Books that make history are not always on the best-seller list. They do not always have sexy or epigrammatic titles. What chance do you think a 600-page paperback would have called “U.S.-Soviet Military Balance, Concepts and Capabilities, 1960-1980”?
Its subject is “net assessment.” That means adding up all the elements of U.S. and Soviet military power. Its author is John M. Collins, the senior specialist in national defense for the Congressional Research Service. It’s a book people don’t want to read because it is all bad news, but fortunately it is becoming a topic of discussion among many leaders in the defense and foreign policy fields.
A decade ago, when the chairman of the House Armed Services Committee delivered his swan song upon retiring from Congress, he cried out that the military disarmament of America showed us to be “Hell-bent on national suicide.” Collins’ book uses no such alarmist rhetoric as Congressman L. Mendel Rivers did in his landmark speech on Sept. 28, 1970. But the facts, statistics, and charts sound the same ominous warning.
When asked why his stunning evidence was so muted in his conclusions, Collins said: ” I didn’t want to shout, ‘The Russians are coming!’ I wanted to say, ‘Look what you’ve done to yourself. Is this really what you want?”
Of course, the American people don’t want disarmament, disaster, and defeat. They want military strength and security, and all Presidential candidates and Defense secretaries know this. That’s why they keep reassuring the people that America is the strongest nation on earth.
The only trouble is they are wrong, and Collins’ massive evidence proves they are wrong.

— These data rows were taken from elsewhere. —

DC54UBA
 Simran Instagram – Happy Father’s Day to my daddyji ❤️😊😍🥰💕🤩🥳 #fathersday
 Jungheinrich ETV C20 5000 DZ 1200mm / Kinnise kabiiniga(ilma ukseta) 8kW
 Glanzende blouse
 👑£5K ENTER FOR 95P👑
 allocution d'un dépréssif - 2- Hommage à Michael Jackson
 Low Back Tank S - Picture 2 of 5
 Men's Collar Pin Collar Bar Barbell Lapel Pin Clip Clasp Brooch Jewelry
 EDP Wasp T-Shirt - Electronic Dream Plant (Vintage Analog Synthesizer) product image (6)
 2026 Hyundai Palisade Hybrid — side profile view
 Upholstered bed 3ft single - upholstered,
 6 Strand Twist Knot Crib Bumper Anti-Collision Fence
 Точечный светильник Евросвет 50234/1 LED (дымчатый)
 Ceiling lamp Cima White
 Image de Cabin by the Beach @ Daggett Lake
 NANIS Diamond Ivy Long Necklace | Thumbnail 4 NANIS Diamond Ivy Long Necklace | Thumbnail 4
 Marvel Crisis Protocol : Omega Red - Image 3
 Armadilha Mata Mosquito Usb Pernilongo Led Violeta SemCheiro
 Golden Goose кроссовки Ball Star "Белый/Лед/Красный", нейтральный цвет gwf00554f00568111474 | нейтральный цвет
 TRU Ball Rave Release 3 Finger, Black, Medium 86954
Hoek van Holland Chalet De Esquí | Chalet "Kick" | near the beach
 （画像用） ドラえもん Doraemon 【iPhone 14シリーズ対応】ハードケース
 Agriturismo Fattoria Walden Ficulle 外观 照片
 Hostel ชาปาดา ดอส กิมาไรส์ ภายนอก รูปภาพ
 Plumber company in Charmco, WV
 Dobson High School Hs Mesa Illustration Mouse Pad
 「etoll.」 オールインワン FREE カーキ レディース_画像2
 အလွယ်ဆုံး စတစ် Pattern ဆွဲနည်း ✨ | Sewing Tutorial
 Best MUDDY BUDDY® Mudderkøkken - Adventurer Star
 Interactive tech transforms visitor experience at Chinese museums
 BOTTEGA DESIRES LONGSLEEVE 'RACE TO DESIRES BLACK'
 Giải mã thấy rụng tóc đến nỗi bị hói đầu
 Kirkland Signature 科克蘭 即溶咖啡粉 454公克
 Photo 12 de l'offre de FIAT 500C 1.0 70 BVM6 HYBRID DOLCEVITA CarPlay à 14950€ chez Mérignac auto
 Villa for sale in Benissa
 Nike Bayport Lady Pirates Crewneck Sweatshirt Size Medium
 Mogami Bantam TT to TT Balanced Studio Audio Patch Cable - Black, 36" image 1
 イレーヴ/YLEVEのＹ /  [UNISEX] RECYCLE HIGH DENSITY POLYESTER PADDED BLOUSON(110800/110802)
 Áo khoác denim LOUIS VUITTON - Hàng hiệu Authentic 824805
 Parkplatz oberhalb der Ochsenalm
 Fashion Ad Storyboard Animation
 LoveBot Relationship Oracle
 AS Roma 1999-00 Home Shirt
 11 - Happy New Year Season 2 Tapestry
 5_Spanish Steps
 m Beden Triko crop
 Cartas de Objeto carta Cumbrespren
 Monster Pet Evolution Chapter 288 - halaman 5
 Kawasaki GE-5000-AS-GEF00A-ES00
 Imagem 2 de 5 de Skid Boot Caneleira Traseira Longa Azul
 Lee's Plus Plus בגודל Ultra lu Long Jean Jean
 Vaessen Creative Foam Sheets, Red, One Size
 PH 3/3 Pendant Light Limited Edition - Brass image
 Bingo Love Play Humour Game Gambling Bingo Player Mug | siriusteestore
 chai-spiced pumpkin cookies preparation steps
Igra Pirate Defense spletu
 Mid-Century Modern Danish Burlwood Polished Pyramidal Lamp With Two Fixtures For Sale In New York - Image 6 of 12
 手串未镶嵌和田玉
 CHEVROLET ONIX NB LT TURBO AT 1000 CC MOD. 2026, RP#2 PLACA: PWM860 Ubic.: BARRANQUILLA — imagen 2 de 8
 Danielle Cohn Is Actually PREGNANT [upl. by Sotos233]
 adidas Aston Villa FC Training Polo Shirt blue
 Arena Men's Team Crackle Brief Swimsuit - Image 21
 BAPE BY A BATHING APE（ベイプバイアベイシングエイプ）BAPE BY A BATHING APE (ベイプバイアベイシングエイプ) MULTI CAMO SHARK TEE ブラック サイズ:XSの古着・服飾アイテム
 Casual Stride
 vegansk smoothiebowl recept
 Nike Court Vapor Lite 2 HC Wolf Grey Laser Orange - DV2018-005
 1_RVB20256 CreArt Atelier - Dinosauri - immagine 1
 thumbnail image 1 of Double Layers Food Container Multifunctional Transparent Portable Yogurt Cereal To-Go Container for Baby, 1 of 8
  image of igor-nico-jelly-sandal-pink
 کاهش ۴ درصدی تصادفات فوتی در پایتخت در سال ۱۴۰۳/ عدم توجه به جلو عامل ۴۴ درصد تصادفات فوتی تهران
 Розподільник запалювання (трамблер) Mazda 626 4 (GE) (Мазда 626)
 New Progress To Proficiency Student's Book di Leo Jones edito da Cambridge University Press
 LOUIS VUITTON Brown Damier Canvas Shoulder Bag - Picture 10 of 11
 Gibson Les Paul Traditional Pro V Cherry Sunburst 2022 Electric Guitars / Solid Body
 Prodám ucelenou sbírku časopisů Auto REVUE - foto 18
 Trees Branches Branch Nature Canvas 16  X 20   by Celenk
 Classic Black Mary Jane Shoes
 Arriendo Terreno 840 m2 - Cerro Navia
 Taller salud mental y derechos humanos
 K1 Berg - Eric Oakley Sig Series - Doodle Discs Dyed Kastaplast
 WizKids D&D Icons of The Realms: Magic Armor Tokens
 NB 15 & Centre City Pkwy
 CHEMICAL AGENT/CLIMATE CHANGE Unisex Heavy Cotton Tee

He even states that our technological superiority is vanishing. “The day has passed,” he writes, “when the United States could be smugly sure of unquestioned scientific and technological superiority, which has sustained this country in the past and is the key to future capabilities.”
The present Commander-in-Chief of our Army and Navy, Jimmy Carter, is the most vulnerable target in history when it comes to fulfilling the first duty of government: to provide for the common defense. No President has ever done more to disarm our nation in the face of a powerfully-armed enemy.
Just catalogue Carter’s record. He cancelled the B-1 bomber. He cancelled the neutron bomb. He delayed the MX and cruise missiles. He cut the Navy in half. He signed the fata]]y—f]awed SALT II Treaty. He gave away the Panama Canal.
He accepted the growth of the Soviet military presence in Cuba with no effective reaction. He gave amnesty to Vietnam draft evaders. He wants to draft women into the army. He betrayed the anti-Communist leaders of Iran, Nicaragua, and Rhodesia. At least six new nations have gone Communist since Carter became President.
The U.S. Armed Services are in a dismal state of combat unreadiness. Only six of the Navy’s 13 aircraft carriers are combat-ready, according to a September fleet readiness report. Only 94 of the Navy’s 155 air squadrons were rated combat-ready. Other major unreadiness was reported among tactical fighter, attack and electronic warfare squadrons.
The unreadiness of our Navy is matched only by similar unreadiness in the Air Force and the Army. Six of ten Army divisions in continental United States were recently rated not ready for combat.
Jimmy Carter claims that Ronald Reagan’s defense policies would trigger a nuclear arms race with the Soviet Union. The fact is that the Soviets have been doing all the racing while Carter has forced our country to sit on the sidelines growing weaker every day, while our arch-enemy grows stronger.
The results of Carter’s policies of weakness are apparent. We are a helpless giant, buffeted around and humiliated by petty tyrants all over the world. The only long-term solution is to regain our military superiority.
In the short term we must cope with Soviet superiority by developing innovative concepts to use our present weapons in a more effective way. We must release ourselves from the SALT restraints which impede these solutions.